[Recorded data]
※ ※ ※

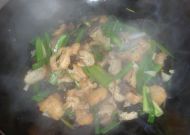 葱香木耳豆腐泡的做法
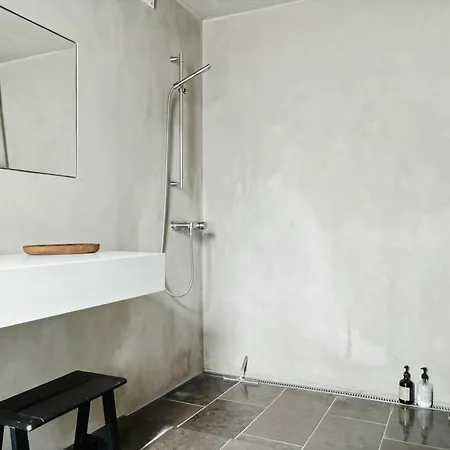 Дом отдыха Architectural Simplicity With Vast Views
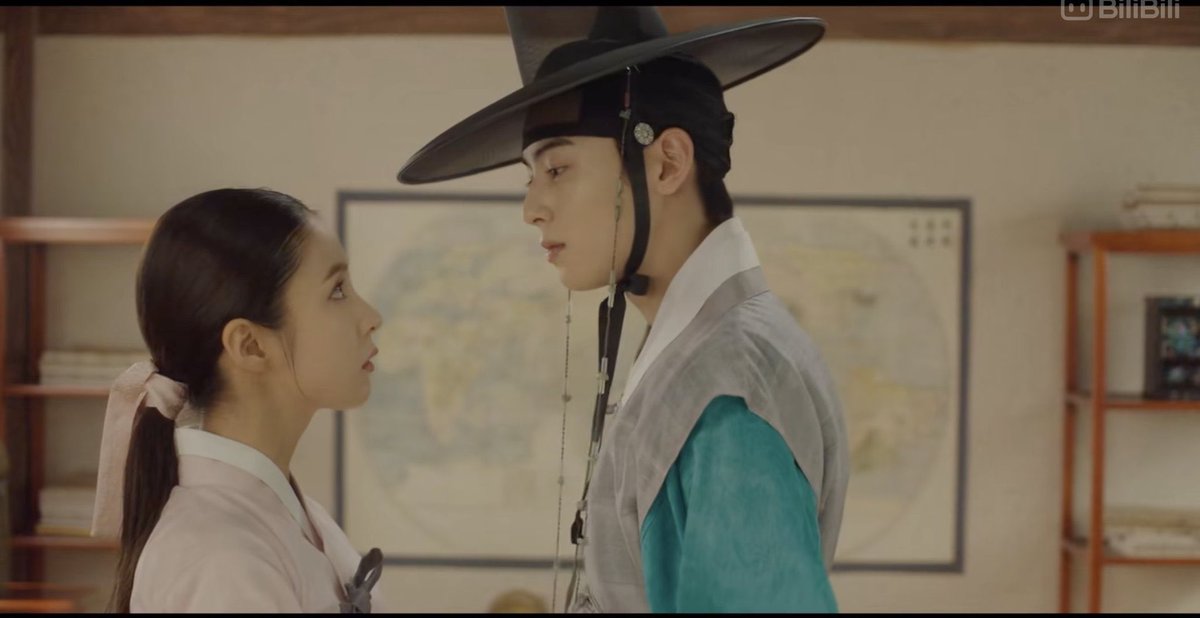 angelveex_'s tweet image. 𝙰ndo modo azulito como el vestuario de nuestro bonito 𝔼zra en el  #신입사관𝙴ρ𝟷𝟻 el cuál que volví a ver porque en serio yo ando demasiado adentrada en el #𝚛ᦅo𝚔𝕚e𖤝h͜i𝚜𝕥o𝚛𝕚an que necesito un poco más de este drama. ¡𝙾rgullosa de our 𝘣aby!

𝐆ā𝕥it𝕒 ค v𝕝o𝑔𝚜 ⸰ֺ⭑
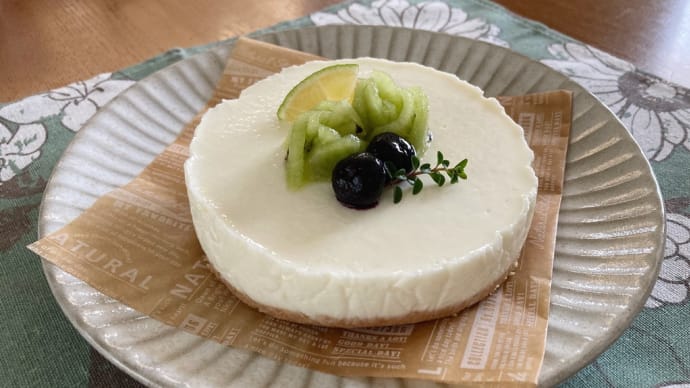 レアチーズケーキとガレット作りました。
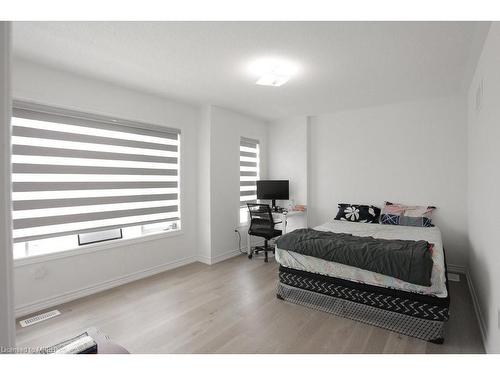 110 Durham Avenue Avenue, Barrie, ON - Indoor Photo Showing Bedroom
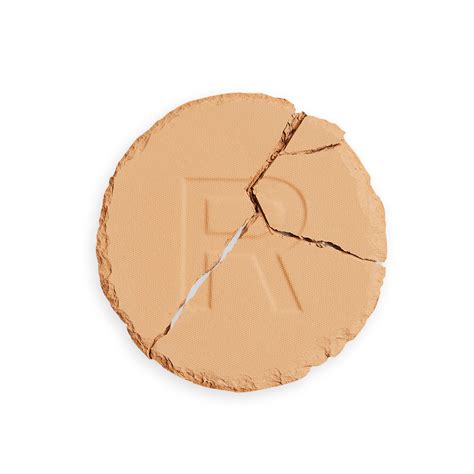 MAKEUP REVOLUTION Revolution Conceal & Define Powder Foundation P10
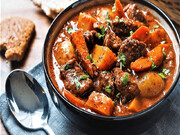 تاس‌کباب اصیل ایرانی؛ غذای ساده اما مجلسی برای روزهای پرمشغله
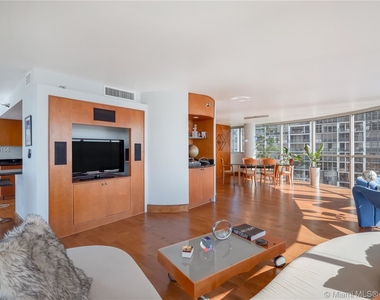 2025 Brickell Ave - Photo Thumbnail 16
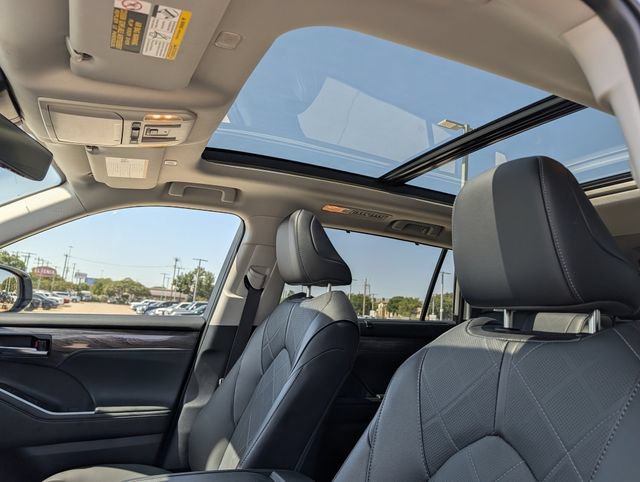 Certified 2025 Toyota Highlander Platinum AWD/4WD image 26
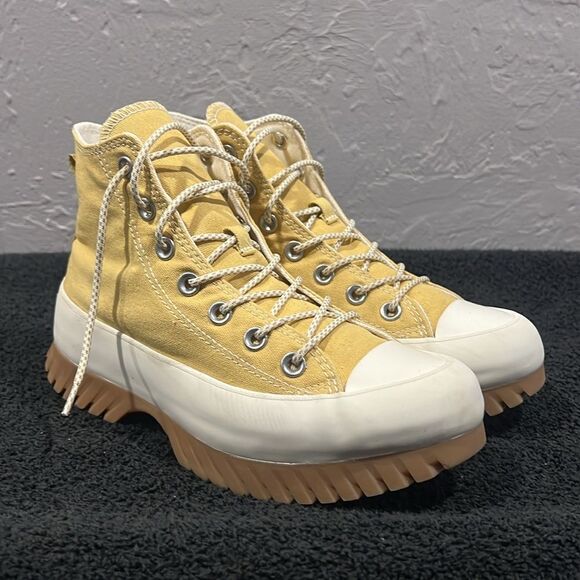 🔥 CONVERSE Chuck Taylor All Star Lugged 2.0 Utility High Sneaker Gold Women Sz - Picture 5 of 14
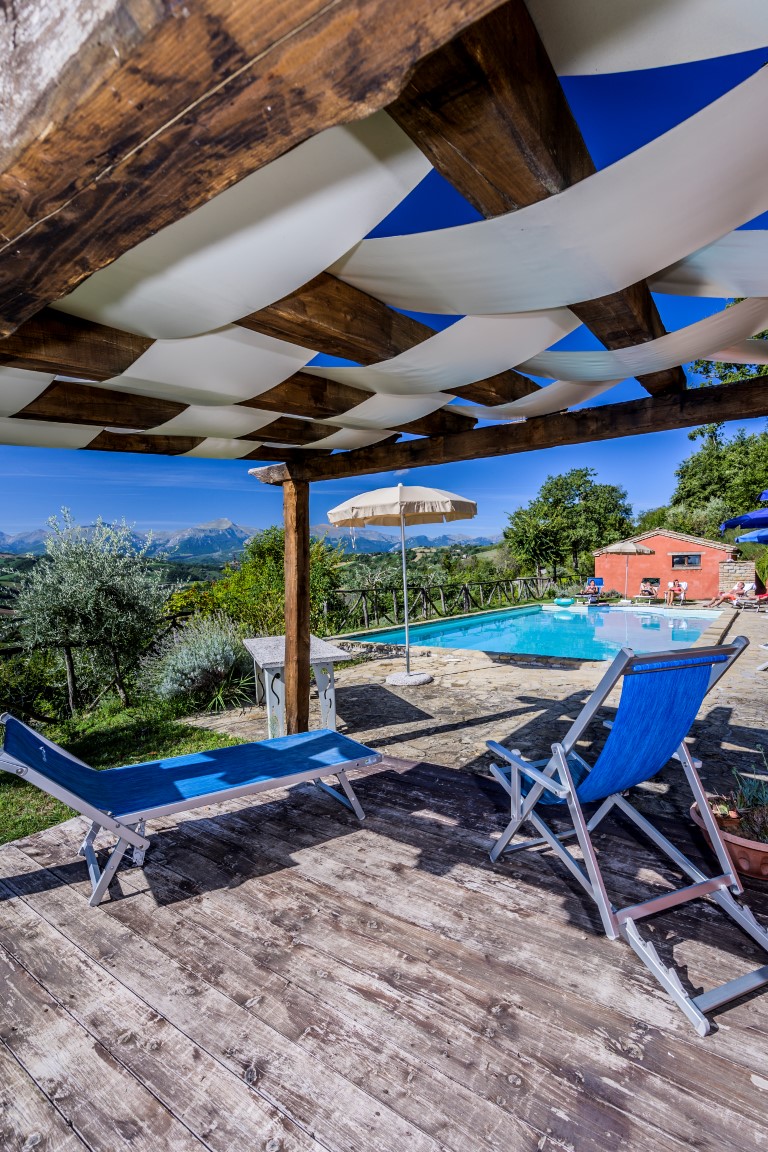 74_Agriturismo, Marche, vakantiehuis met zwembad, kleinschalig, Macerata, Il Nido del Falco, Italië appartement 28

※ ※ ※

Every line above should be returned exactly; the pictures stay out.

▶ Written response
 葱香木耳豆腐泡的做法
 Дом отдыха Architectural Simplicity With Vast Views
 angelveex_'s tweet image. 𝙰ndo modo azulito como el vestuario de nuestro bonito 𝔼zra en el  #신입사관𝙴ρ𝟷𝟻 el cuál que volví a ver porque en serio yo ando demasiado adentrada en el #𝚛ᦅo𝚔𝕚e𖤝h͜i𝚜𝕥o𝚛𝕚an que necesito un poco más de este drama. ¡𝙾rgullosa de our 𝘣aby!

𝐆ā𝕥it𝕒 ค v𝕝o𝑔𝚜 ⸰ֺ⭑
 レアチーズケーキとガレット作りました。
 110 Durham Avenue Avenue, Barrie, ON - Indoor Photo Showing Bedroom
 MAKEUP REVOLUTION Revolution Conceal & Define Powder Foundation P10
 تاس‌کباب اصیل ایرانی؛ غذای ساده اما مجلسی برای روزهای پرمشغله
 2025 Brickell Ave - Photo Thumbnail 16
 Certified 2025 Toyota Highlander Platinum AWD/4WD image 26
 🔥 CONVERSE Chuck Taylor All Star Lugged 2.0 Utility High Sneaker Gold Women Sz - Picture 5 of 14
 74_Agriturismo, Marche, vakantiehuis met zwembad, kleinschalig, Macerata, Il Nido del Falco, Italië appartement 28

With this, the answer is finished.